[DIRECTIONS] Your answer must be the exact lines from the one with "ক্যারা খাব’ 4" to the end of the data, both included, with no pictures.
(EXERCISE DATA begins)
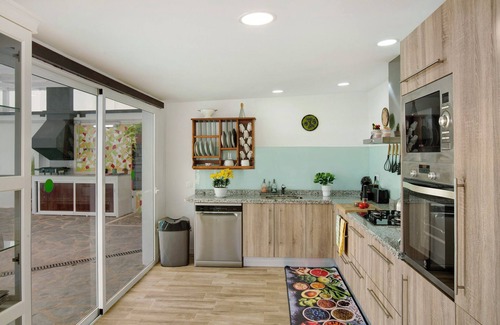 Ingenio House | Vacation home 'Los Cipreses' with Mountain Views, Indoor Pool, Garden & Wi-Fi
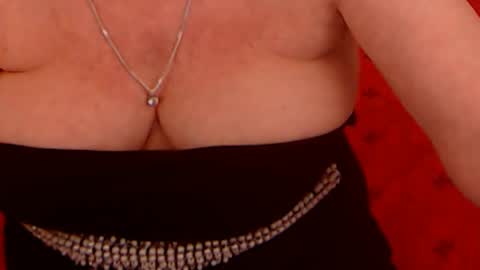 Snapshot of experiencedalana chatting on December 26, 3:16 am Alana online show from December 26, 3:16 am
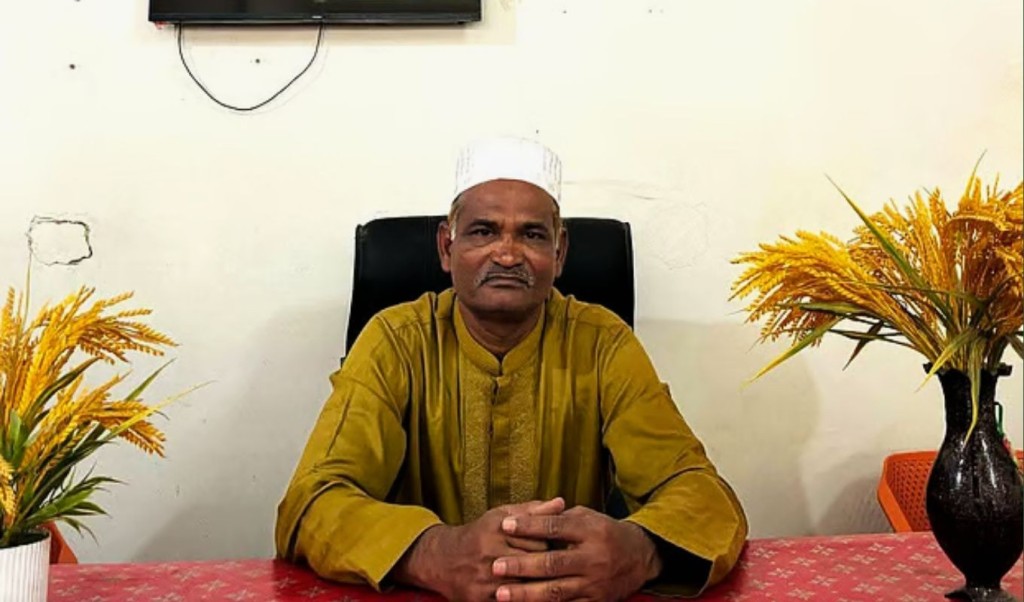 ‘আমি পৌর বিএনপির সম্পাদক, ডিআইজির বইনতে, আমি খাবু না তো ক্যারা খাব’ 4 ‘আমি পৌর বিএনপির সম্পাদক ডিআইজির বইনতে আমি খাবু না তো ক্যারা খাব 1755616447 ‘আমি পৌর বিএনপির সম্পাদক, ডিআইজির বইনতে, আমি খাবু না তো ক্যারা খাব’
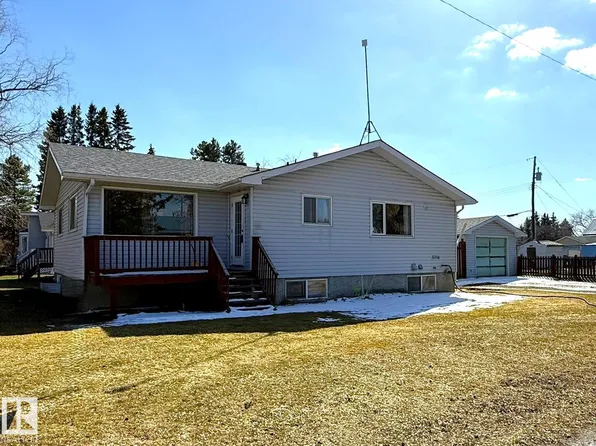 5116 48th St, Warburg, AB T0C 2T0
(EXERCISE DATA ends)
[OUTPUT FOR THIS EXERCISE]
 ‘আমি পৌর বিএনপির সম্পাদক, ডিআইজির বইনতে, আমি খাবু না তো ক্যারা খাব’ 4 ‘আমি পৌর বিএনপির সম্পাদক ডিআইজির বইনতে আমি খাবু না তো ক্যারা খাব 1755616447 ‘আমি পৌর বিএনপির সম্পাদক, ডিআইজির বইনতে, আমি খাবু না তো ক্যারা খাব’
 5116 48th St, Warburg, AB T0C 2T0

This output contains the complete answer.